Archives Mensuelles: mars 2008

ope Je vous le dis pas souvent mais je suis pas un bien bon ami. Demandez-le aux deux Pierre. Le premier, sa femme m’a annoncé que je l’avais manqué de peu, au bout de sa corde. J’ai encore la lettre qu’elle m’avait envoyée pour me rappeler où ils vont, les mots qu’on a pas pris le temps d’entendre et l’amour inconnu, que nul n’a découvert!*  “T’étais un fils pour lui!” écrivait-elle. Je l’ai même pas envoyé chier.  Y’a l’autre aussi, lui la vie l’a fait pour lui avant qu’il ne se le fasse. Pareil comme l’autre, parti sans que je le sache. Avouez que je mens pas quand je vous parle de mes qualités d’ami.

Tiens prenez l’autre, le Grand Gris. Il s’est prit l’idée de s’éclater un peu, puis une veine aussi, en pleine tronche tant qu’à faire. La moitié du corps a fait du pictage, l’autre voulait travailler. J’ai changé ses couches, 6′3 de merde à laver, des week-ends durant. L’est mort pareil. Seul aussi, le seul week-end où je pouvais pas être là. C’est venu me rassurer, je suis pas seul à maltraiter ceux que j’aime.  Le Grand Gris, nos derniers moments, c’est des dons de merde et de se sauver quand j’ai la tête ailleurs.

J’ai mis des années à pas trop vouloir investir. Je suis meilleur le coeur serré. Je fais bien quand il faut éloigner. Je maîtrise l’art de repousser.  D’ailleurs, la dernière fois que j’ai aimé un homme, on s’était juré de jamais se laisser tomber. On allait plus jamais se saoûler, c’était surtout comme promesse, à cracher au ciel quitte à ce qu’il nous tombe sur la tête, avant même que la morve ne revienne. Il a finit saoul avant le troisième paragraphe de ce billet. En tôle question de marquer le coup. Depuis, sa mère va mieux.

* * *

Vous arrivez ici de plein de façons. Certains en sautillant, d’autres venus faire chier, d’autres trébuchent sur une phrase, se révoltent, se revisitent, ceux-là habituellement, surtout les derniers, on se raconte nos vies en courriel pour éteindre nos feux.  C’est comme ça qu’il est arrivé. Comme un cognac coupé d’eau. Fifthy d’audace, fifthy générosité, à vous chauffer la gorge et apaiser vos tripes.  Ceux-là comme le cognac, ils me font un peu peur, on peut passer des heures à se raconter des salades et la vie.

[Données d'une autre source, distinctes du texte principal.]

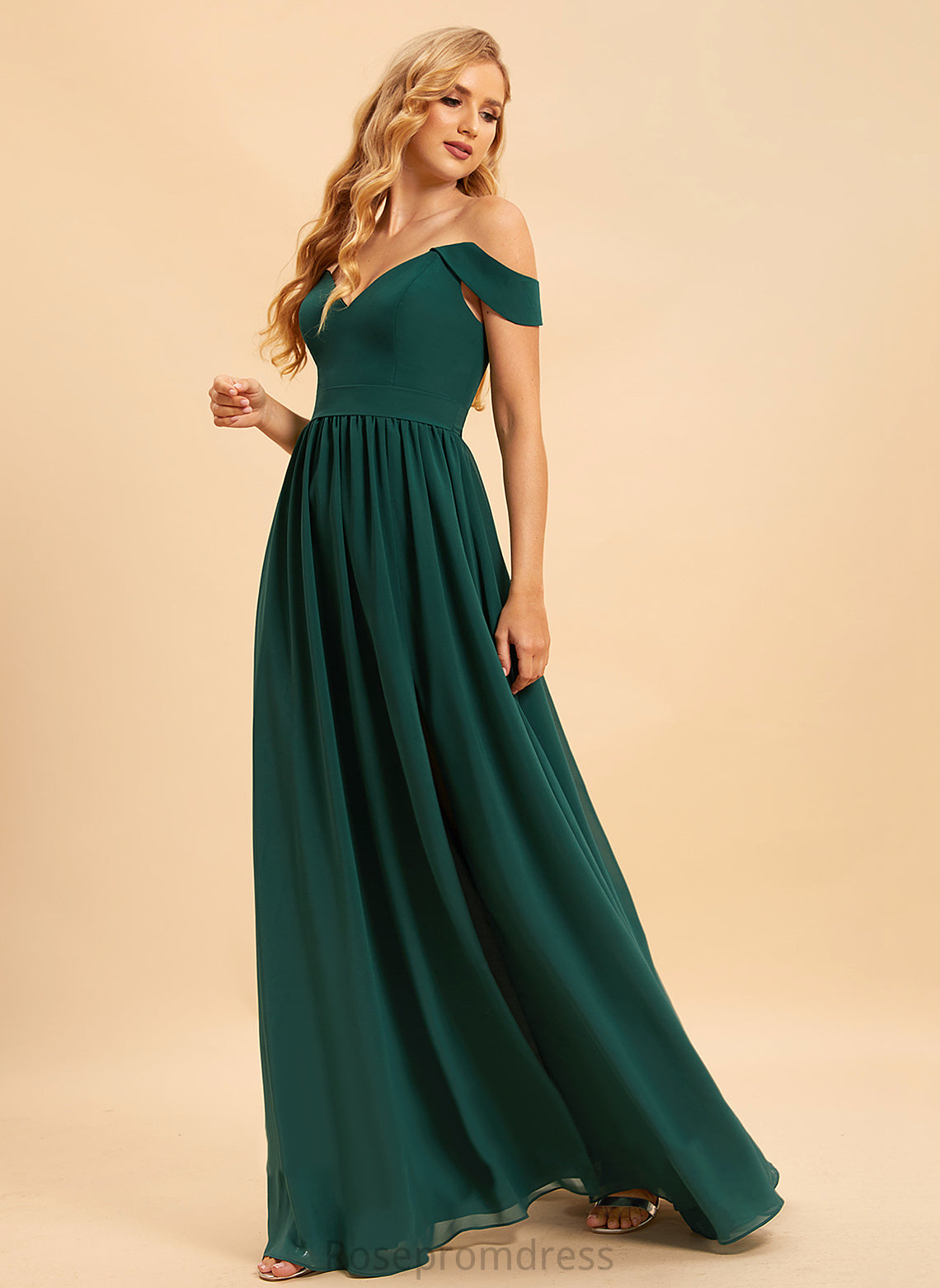 Length Off-the-Shoulder SplitFront Neckline Embellishment Silhouette Fabric A-Line Floor-Length Cassie Floor Length A-Line/Princess Bridesmaid Dresses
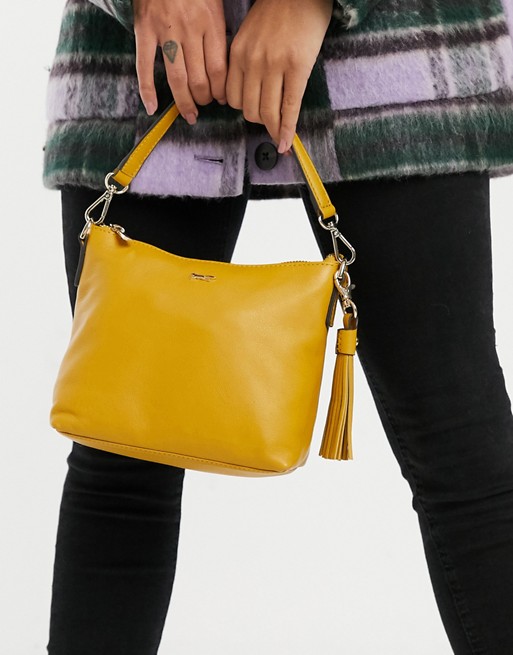 Paul Costelloe leather shoulder bag in yellow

Puisque les bons mecs arrivent jamais seuls, on a connu cette celle aussi, un happy hour que je vous dis cette rencontre, la tendresse longue comme ses jambes, des yeux de mer à carte postale, la candeur de ceux qui croient en la vie, le bonheur aussi de celles qui enfantent des beautés d’ailleurs.  On a tout pris l’épouse et moi, le bonheur et les enfants, le bébé et les sourires, cette celle qui cache pas sa crainte derrière l’assurance consommée des faux-culs, cette celle dont les yeux font juste dire que ce serait bien être la meilleure maman du monde.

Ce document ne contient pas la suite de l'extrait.